THE MESH OF A RIDDLE

“This is the most incredible place. I never dreamed—”

Walking uphill on the aptly named Drunkard’s Walk, Kate interrupted him.

“Sandy, that dog. Natty Bumppo.”

“He gave you quite a fright, didn’t he? I’m sorry.”

“No!”

“But you—”

“I know, I know. I was startled. But I wasn’t scared. I simply didn’t believe it. I thought none of Dad’s dogs was left.”

“What?” He almost stumbled, turning to stare at her. “What on earth could he have to do with your father?”

“Well, I never heard of anybody else who did such marvelous things with animals. Bagheera was one of Dad’s too, you know. Almost the last.”

He drew a deep breath. “Kate dear, would you please begin at the beginning?”

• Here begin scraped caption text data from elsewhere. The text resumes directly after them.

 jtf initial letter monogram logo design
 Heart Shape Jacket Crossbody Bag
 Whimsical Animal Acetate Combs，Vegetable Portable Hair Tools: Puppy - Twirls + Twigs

Eyes troubled and full of sadness, she said, “I guess I ought to. I remember asking if you knew about my father, and you said sure, he was Henry Lilleberg the neurophysiologist, and I left it at that. But it was a prime example of what you said only an hour ago Precipice is designed to cure. Slap a label on and forget about it. Say ‘neurophysiologist’ and you conjure up a stock picture of the sort of person who will dissect out a nervous system, analyze it in vitro, publish the findings and go away content, forgetting that the rest of the animal ever existed. That isn’t a definition of my father! When I was a little girl he used to bring me amazing pets, which never lasted long because they were already old. But they’d been of service at his labs, and as a result he couldn’t bear to throw them down the incinerator chute. He used to say he owed them a bit of fun because he’d cheated them of it when they were young.”

“What kind of animals?”

“Oh, little ones at first, when I was five or six—rats, hamsters, gerbils. Later on there were squirrels and gophers, cats and raccoons. Remember I mentioned he had a license to move protected species interstate? And finally, in the last couple of years before he was taken so ill he had to retire, he was working with some real big ones: dogs like Natty Bumppo and mountain lions like Bagheera.”

“Did he do any research with aquatic mammals—dolphins, porpoises?”

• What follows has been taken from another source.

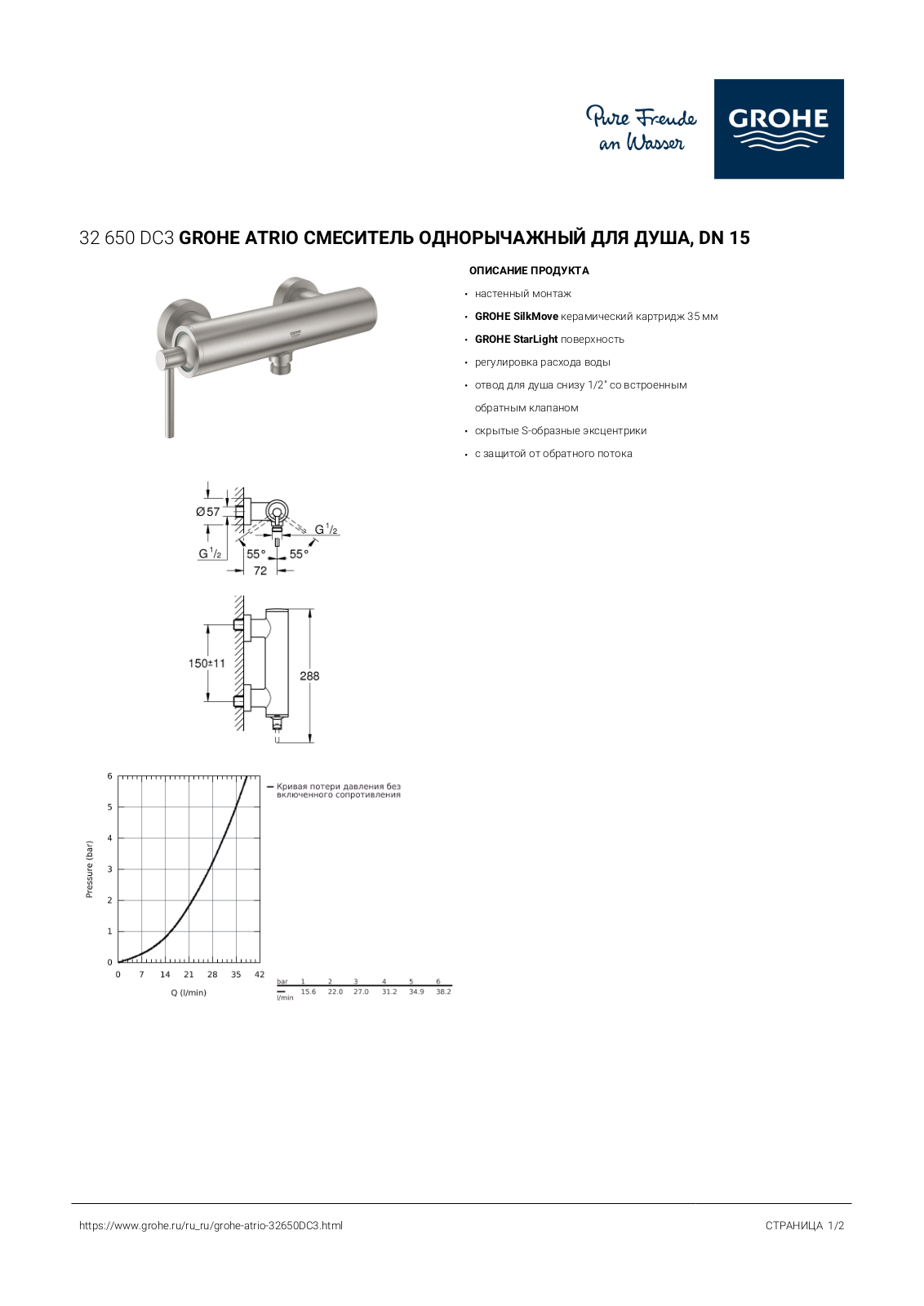 Grohe 32650DC3 User guide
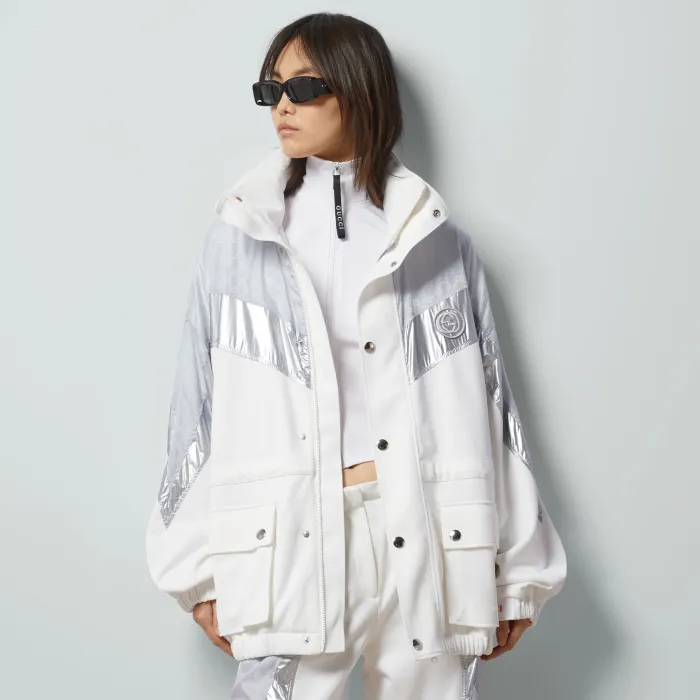 NIGO Gucci Women's Spring and Autumn Colorblocking Letter Print Single Breasted Zipper Casual Jacket #nigo98494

“I don’t believe so. At any rate he couldn’t have brought those home for me.” A touch of her normal wry humor returned with the words. “We lived in an apt. We didn’t have a pool to keep them in. Why do you ask?”

“I was wondering whether he might have been involved with—hell, I don’t know which of several names you might recognize. They kept changing designations as they ran into one dead end after another. But it was a project based in Georgia intended to device animals capable of defeating an invasion. Originally they thought of small creatures as disease-vectors and saboteurs, like they conditioned rats to gnaw compulsively on tire rubber and electrical insulation. Later there was all this hot air generated about surrogate armies, with animals substituted for infantry. Wars would still be fought, with lots of blood and noise, but no soldiers would be killed—not permanently.”

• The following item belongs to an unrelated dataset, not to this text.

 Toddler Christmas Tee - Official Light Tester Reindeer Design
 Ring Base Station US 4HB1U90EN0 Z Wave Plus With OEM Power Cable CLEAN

“I knew the project under the name of Parsimony. But Dad never worked on it. They kept asking him to join, and he kept declining because they’d never tell him all the details of what he’d have to do. It wasn’t until he’d contracted his terminal myelitis that he was able to find out how right he’d been.”

“The project was discontinued, wasn’t it?”

“Yes, and I know why. They’d been living off Dad’s back for years. He was the only man in the country, maybe the world, who was consistently successful in making superintelligent animals breed true.”

“Literally the only one?”

“Oh, even he scarcely believed it. He published his data and always swore he wasn’t holding anything back, but other researchers found they couldn’t get the same results. In the end it became a joke for him. He used to say, ‘I just have red fingers.’ ”

“I see. Like a gardener has green ones.”

“Exactly.”

“What were his methods?” The question was more rhetorical than literal. But she answered anyway.